Le couple bonheur-malheur définit une attitude humaine, celle qui se défend contre le monde extérieur, celle qui réagit sur lui, contre lui, celle du souci, de la peur et de l’angoisse, tandis que le terme univoque, que ce soit félicité ou béatitude, définit la vie végétative, celle du très petit nombre d’individus qui sont parvenus au-delà, qui, vus du monde profane, celui de l’évolution indéfinie et aveugle, du soi-disant « progrès », ont régressé, ont involué, c’est-dire ont fait retour à l’origine, l’état du bébé dans les bras de sa mère, ou même dans son ventre, celui, par-delà le statut animal, du végétal immobile, qui puise la sève de la terre et se nourrit de la lumière céleste, celui en somme auquel fait allusion l’expression zen : une assemblée en zazen est une forêt d’arbres morts, expression d’ailleurs inexacte, ou mal traduite, car il faudrait dire une forêt en hiver, quand les arbres ayant renoncé aux fruits, aux fleurs et aux feuilles, se sont repliés sur eux, au cœur même de leur être foncier.

Et voilà, je ne sais comment ça s’est fait, je n’ai pas senti le temps passer, mais ça y est, nous sommes arrivés, le train entre en gare.

KWAN YIN

29 novembre

Je respire, le monde autour de moi respire. Je n’entends plus ma respiration, j’écoute, celle du monde, c’est la même.

30 novembre

Un maître du Zen est un professeur de destin.

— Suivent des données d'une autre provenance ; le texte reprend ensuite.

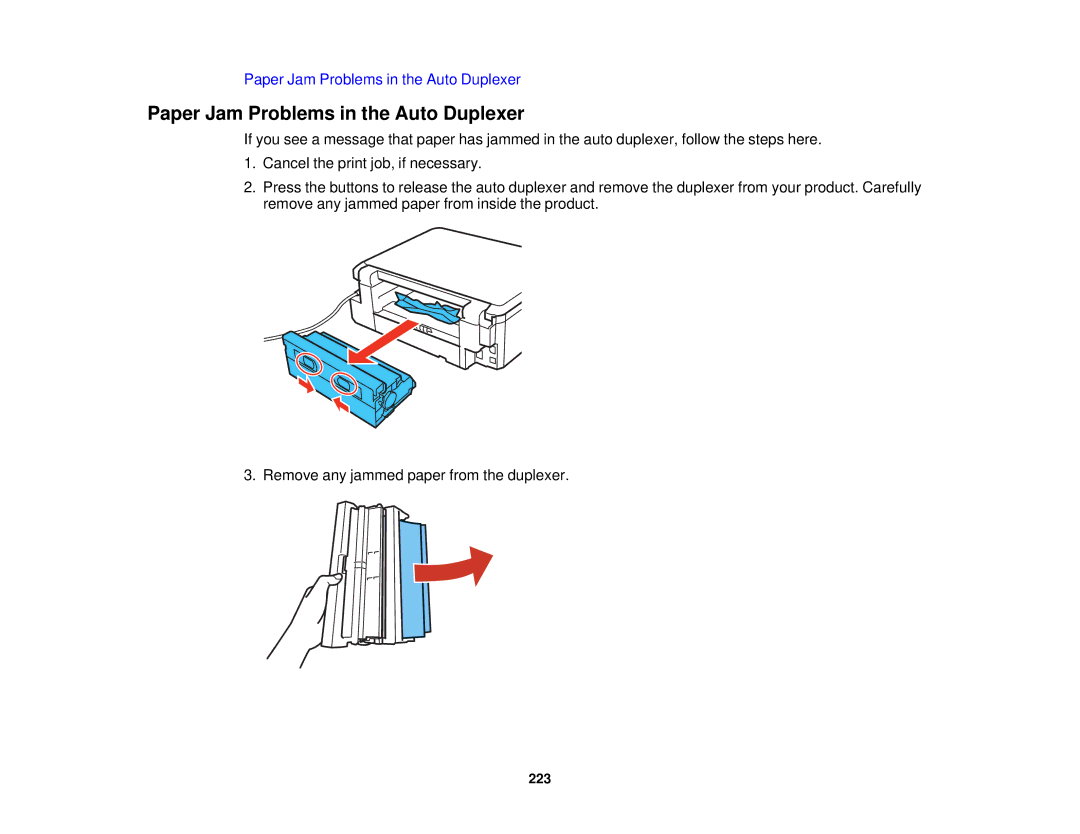 Epson XP-520 manual Paper Jam Problems in the Auto Duplexer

Il ne faut pas apprivoiser le Zen, c’est une bête sauvage, un homme primitif venu du fond des âges, en d’autres termes, l’homme « cosmique » lui-même. Il ne faudrait surtout pas l’occidentaliser, c’est-à-dire le faire nôtre, le réduire à nos proportions, car sa vertu (curative, sa virtus, autrement dit sa force) en serait édulcorée.

1er décembre

On découvre en zazen ceci, qui est un paradoxe, non du Zen, mais du corps : pour être parfaitement droite, la colonne vertébrale doit retrouver sa double courbure naturelle, celle d’un arc.